The two held each other hard for about 10 minutes. Then they headed out, Addison clutching her mother’s hand tightly.

They had walked for a while before Paul was able to reach someone on her cellphone to pick them up.

That evening, Addison talked animatedly for two hours about what had gone on at school. Then, suddenly, she broke down in tears. She cried for more than an hour.

When the family returned to their home Tuesday, there wasn’t a wall standing. Paul had gone to rescue Addison, but the little blond girl may have ended up saving her.

• • •

Marianthe Bagensie was hunkered down at her office on Tinker Air Force Base when her phone rang. Her husband, Scott, was stuck in traffic on I-35, near 89th Street, heading toward the tornado.

“What are you doing there?” she asked, incredulous.

“I’m heading home to take care of the dogs and cats,” the air traffic control specialist replied.

With older son Alexander serving in Afghanistan with the Air Force and 20-year-old Zack preparing to leave the nest, the seven animals had become more precious than ever to the couple. But Marianthe had just lost her mother and grandfather in one horrible March week, and she wasn’t ready to lose Scott.

“Please,” she begged. “Don’t be stupid.”

Scott Bagensie’s first thought was to pile the animals into the car and try to outrun the tornado. But when he heard that the storm was bearing down on the Warren, he knew that wasn’t an option.

Using Milkbones, Scott Bagensie easily lured Apollo, a hound-pit bull mix, and Night Song, a shepherd, into the bathroom and closed the door.

The four cats weren’t so easy.

At 16, Hunter went docilely into the master bedroom closet, followed by Chaser, Alexander’s white Siamese. But twins Jade and Ying Yang, who weighs in at nearly 14 pounds, were under the bed and weren’t coming out without a fight, so Bagensie left them to fend for themselves.

Animals as safe as he could make them, he went outside to find debris already swirling in the air. He was starting to panic when he spotted a man waving from a garage two doors down.

“We have room in the shelter,” the man shouted. “Come on over here.”

Bagensie was the last of the 10 people to get inside. Not five minutes later, everything went dark.

Marianthe Bagensie tried in vain for more than an hour to reach her husband. Finally, she got through.

“The house is gone,” he said.

“I don’t care,” she replied. “You’re safe.”

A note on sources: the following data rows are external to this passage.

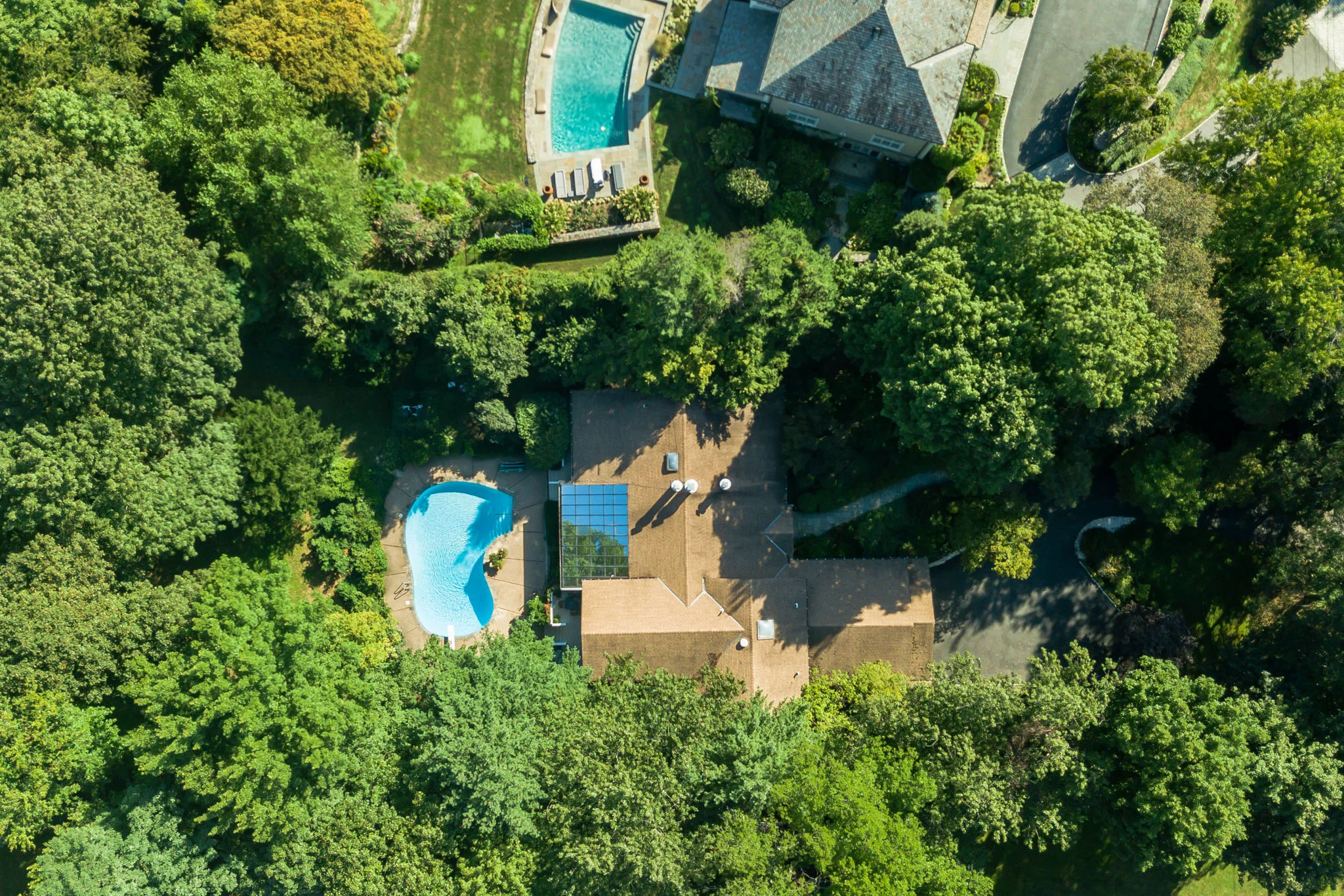 DJI_0118-3051545.jpg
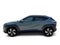 2027 Hyundai KONA Limited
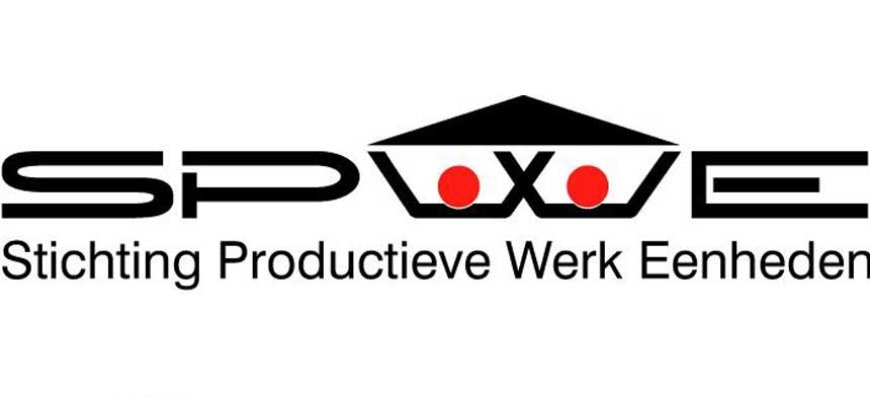 SPWE start opleiding voor ondernemerscoaches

When Scott Bagensie made his way through the wreckage to the bathroom, the two dogs were wagging their tails at him. He found Hunter perched on a pile of clothes at the far corner of the closet.

By Tuesday, all were safe and accounted for.

Marianthe Bagensie glanced over at the garage where Scott had finally taken refuge.

“I probably wouldn’t be standing here right now if I had lost him,” she said as she stood in front of the mangled home. “It’s just too much. It’s just too much. … He is my other half.”